Wu Yuanqing, Li Yanzhou, Li Wenhao, Li Hongyi, Lu Renquan
IEEE Trans Neural Netw Learn Syst. 2021 Dec;32(12):5633-5643. doi: 10.1109/TNNLS.2020.3027983. Epub 2021 Nov 30.
This article proposes a robust and precise localization scheme for unmanned ground vehicle (UGV) in global positioning system (GPS)-denied and GPS-challenged environments via multisensor fusion approach. The localization scheme is proposed to be under an available point-cloud map. First, initialization in localization module is designed to calculate the initial position of UGV in map using the Gaussian projection approach and obtain the frame transformation between the 3-D lidar and the inertial measurement unit (IMU). Second, the best alignment between each scan frame and the available submap is obtained, and the pose of vehicle relative to the origin of map is calculated. Third, the precise pose of UGV is well predicted by integrating the data from 3-D lidar and IMU. Fourth, in order to visually verify the proposed localization scheme, the motion of vehicle is visualized by designing the visualization module. Note that the preprocessing module aims to process the raw scan data. The availability of our proposed localization scheme is verified by conducting experiments in our campus.

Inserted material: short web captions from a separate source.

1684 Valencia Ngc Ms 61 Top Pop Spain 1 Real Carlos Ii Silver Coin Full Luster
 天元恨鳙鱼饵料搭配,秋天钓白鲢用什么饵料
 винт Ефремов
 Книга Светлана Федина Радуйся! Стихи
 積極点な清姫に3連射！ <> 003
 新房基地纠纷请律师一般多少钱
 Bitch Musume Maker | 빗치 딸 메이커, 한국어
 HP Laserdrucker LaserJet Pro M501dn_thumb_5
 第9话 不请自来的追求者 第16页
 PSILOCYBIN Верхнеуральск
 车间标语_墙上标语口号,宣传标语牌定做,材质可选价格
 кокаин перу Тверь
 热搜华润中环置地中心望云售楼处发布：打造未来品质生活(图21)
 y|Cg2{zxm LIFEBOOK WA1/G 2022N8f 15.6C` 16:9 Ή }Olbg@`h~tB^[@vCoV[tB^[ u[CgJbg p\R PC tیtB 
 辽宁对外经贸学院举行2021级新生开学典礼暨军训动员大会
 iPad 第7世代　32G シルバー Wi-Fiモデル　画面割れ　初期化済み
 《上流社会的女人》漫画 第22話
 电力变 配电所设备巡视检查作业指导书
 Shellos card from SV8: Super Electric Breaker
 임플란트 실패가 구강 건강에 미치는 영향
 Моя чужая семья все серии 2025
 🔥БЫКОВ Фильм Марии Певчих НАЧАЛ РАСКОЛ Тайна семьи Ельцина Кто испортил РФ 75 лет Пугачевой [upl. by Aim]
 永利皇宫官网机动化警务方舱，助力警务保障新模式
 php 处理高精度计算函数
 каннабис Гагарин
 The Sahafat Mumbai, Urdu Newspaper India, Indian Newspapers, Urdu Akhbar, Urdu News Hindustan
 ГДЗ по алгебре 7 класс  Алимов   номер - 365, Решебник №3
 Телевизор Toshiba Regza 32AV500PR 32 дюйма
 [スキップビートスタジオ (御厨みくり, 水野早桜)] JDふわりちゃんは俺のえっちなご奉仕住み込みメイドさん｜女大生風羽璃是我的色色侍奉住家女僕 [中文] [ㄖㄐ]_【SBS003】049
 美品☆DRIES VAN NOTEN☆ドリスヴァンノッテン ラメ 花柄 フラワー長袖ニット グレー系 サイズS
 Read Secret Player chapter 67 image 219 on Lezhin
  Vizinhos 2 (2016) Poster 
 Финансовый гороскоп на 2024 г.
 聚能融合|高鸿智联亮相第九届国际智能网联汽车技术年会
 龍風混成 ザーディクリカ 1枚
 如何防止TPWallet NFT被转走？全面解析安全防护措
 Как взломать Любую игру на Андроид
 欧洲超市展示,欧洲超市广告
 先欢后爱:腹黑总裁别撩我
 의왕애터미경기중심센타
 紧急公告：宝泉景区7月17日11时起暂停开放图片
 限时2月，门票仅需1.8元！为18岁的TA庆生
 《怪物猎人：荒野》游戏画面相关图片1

本文提出了一种通过多传感器融合方法,在全球定位系统(GPS)信号缺失和受干扰环境下,用于无人地面车辆(UGV)的鲁棒且精确的定位方案。该定位方案是在可用点云地图下提出的。首先,定位模块中的初始化设计为使用高斯投影方法计算UGV在地图中的初始位置,并获得三维激光雷达与惯性测量单元(IMU)之间的帧变换。其次,获得每个扫描帧与可用子地图之间的最佳对齐,并计算车辆相对于地图原点的位姿。第三,通过融合三维激光雷达和IMU的数据,对UGV的精确位姿进行了很好的预测。第四,为了直观地验证所提出的定位方案,通过设计可视化模块对车辆的运动进行可视化。请注意,预处理模块旨在处理原始扫描数据。通过在我们校园内进行实验,验证了我们所提出定位方案的有效性。